Enjoy whale of good meal at senior center — minus whale

Hendrik Hertzberg’s “One Million” offers a statistic to think about: Over a lifetime, the average American eats 100,874 pounds of food.

Herman Melville had a word — or 10,000 or so — about what people eat, noting that three centuries before he was writing “Moby Dick,” the “tongue of the right whale was esteemed a great delicacy in France and commanded large prices there.”

“In Henry VIII’s time, a certain cook of the court obtained a handsome reward for inventing an admirable sauce to be eaten with barbecued porpoises, which you remember, are a species of whale,” Melville wrote. “The fact is, that among his hunters at least, the whale would by all hands be considered a noble dish were there not so much of him, but when you come to sit down before a meat pie nearly 100 feet long, it takes away your appetite.”

Melville doesn’t stop there but offers more specifics: “What further depreciates the whale as a civilized dish, is his exceeding richness. He is the great prize ox of the sea, too fat to be delicately good. Look at his hump, which would be as fine eating as the buffalo’s (which is esteemed a rare dish), were it not such a solid pyramid of fat.”

“Guinness World Records 2024” offers another food to take away your appetite. To produce MrBeast’s veggie burger, a team of 43 people mixed together a huge amount of soy protein concentrate, water, salt, and sunflower and coconut oils. Then they used a forklift to transfer two burgers into a propane oven to cook for 10 hours. After these cooked burgers were put on two giant brioche buns that outweighed a grand piano, they were garnished with 200 pounds each of onions, lettuce and cheese.
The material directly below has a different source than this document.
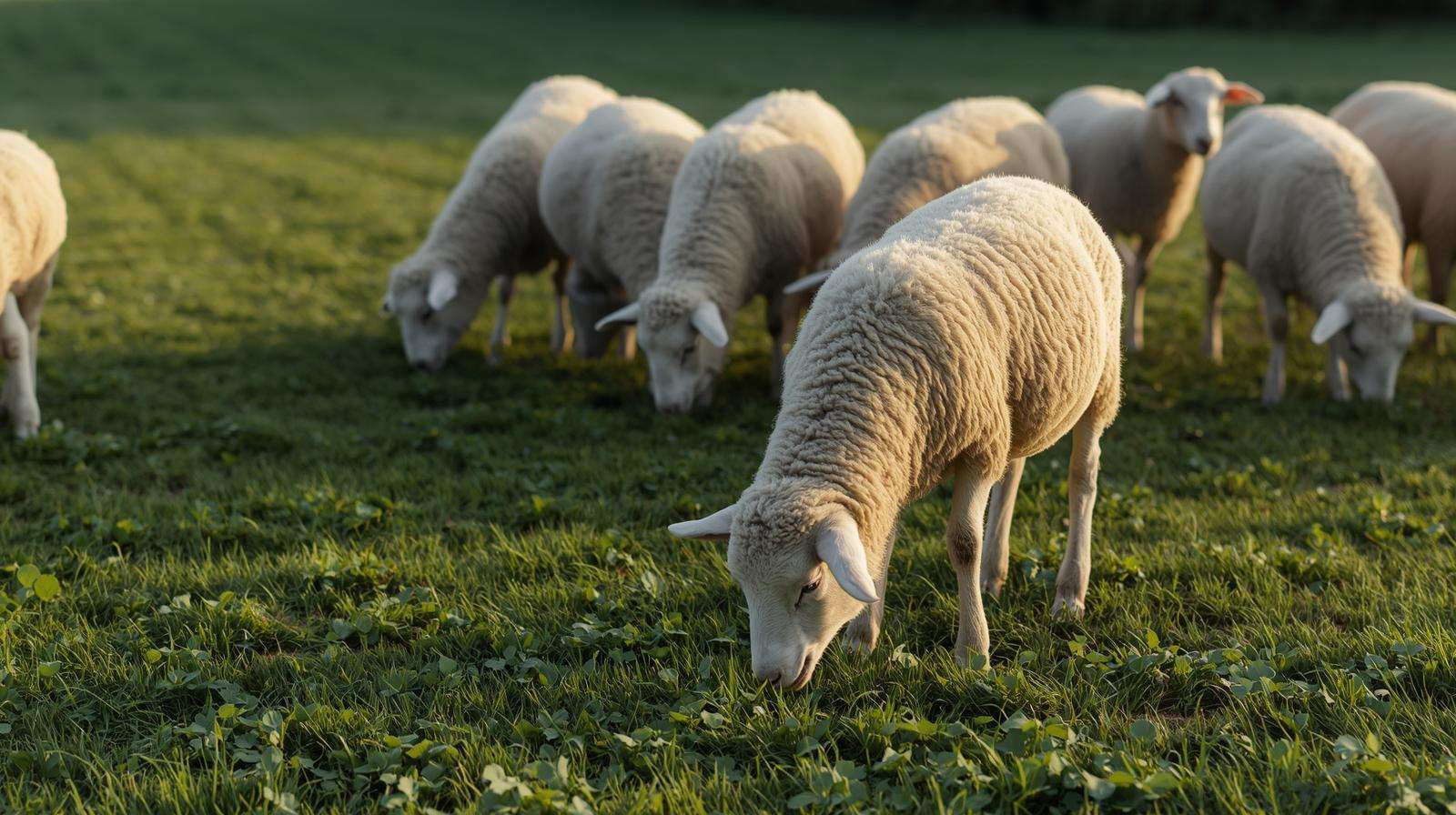 Sheep naturally mowing and maintaining short grass pasture — goats vs sheep for homesteads demonstrating lawn-mowing grazers at work.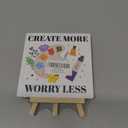 Painting Gifts for Women Men, Birthday Christmas Gifts for Artist Art Lover Students Painter, Art Lover Gifts for Teacher, Artist Birthday Gifts, Artist Decor Sign, Create More Worry Less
MrBeast veggie burger Facebook image.
MrBeast veggie burger Facebook image.

Once assembled, the MrBeast burger stood almost 7 feet tall.

Looking at the four-color, two-page spread featuring this burger makes one think, “Go fry an egg.”

In the past few months, eggs have made a lot of newspaper headlines. You can take a look at The New Yorker food critic’s answer to a reader’s question about alternatives to the beleaguered chicken egg in “Helen, help me: Should I be cooking with ostrich eggs?”

“Gastro Obscura: A Food Adventurer’s Guide” describes crocodile eggs, gull eggs, snail eggs, octopus eggs, quail eggs and turtle eggs. And “When California Went to War Over Eggs” tells the story of what happened when the Gold Rush brought lots of prospectors to San Francisco, and egg battles ensued.

Discussing the price of eggs on Fox & Friends, U.S. Secretary of Agriculture Brooke Rollins offers Oval Office flunky wisdom: If you’re bothered by egg prices, raise your own chickens. Quite a solution.

Instead of worrying about blubber, in whale humps or on Capitol Hill, sit back and listen to the humpback’s song.

I would note that a meal that changed my life is linked to the outrageous office attack on international students and the universities they attend. Most of my 27 books are about teaching and learning, but three feature the bombast, babes and bigotry of Donald Trump and his progeny, rollicking verse verified by engrossing news accounts: “Trump, Trump, Trump: The Swan Song,” “Trump, Trump, Trump: The March of Folly” and “The Little Red Book of Trump Quotations.”

My meal was at International House, UC Berkeley. International House was financed by John D. Rockefeller Jr., a big money man who believed in community. His International House plan was that half the residents would be foreign students, the other half Americans so that international understanding would develop.

When I lived at International House, we ate all our meals there except on Sunday. On Sundays, there was only Sunday Supper. At the first supper I started talking with the foreign student sitting next to me.

The rest of the story: We’ve been married for over 50 years, and a framed poster celebrating the 50th anniversary of International House in 1980 sits in our sunroom. Hats off to the big money man who wanted to bring people together, not tear them apart.

Here’s a link giving free access to the article showing what big money buys. It lists the fat cats the president invited to his private dinner for customers of his cryptocurrency business.

Not only do the volunteer cooks at Monday Munch at the Charlotte Senior Center offer food with an international flavor — French one week, Italian the next — they don’t need forklifts to prepare the food. Nor do these cooks need to exaggerate to get your attention. Instead, at Monday Munch you’ll find lots of good food served with friendly smiles and good conversation.

There is no charge for Monday Munch, but a $5 donation is appreciated.

Monday Munch
June 2, 11:30 a.m.-12:30 p.m.
Crustless quiche with cheese and bacon, tossed salad, crescent rolls and dessert TBA.

June 9, 11:30 a.m.-12:30 p.m.
Chicken and spring vegetable tortellini salad, green salad, bread, beverage and dessert TBA.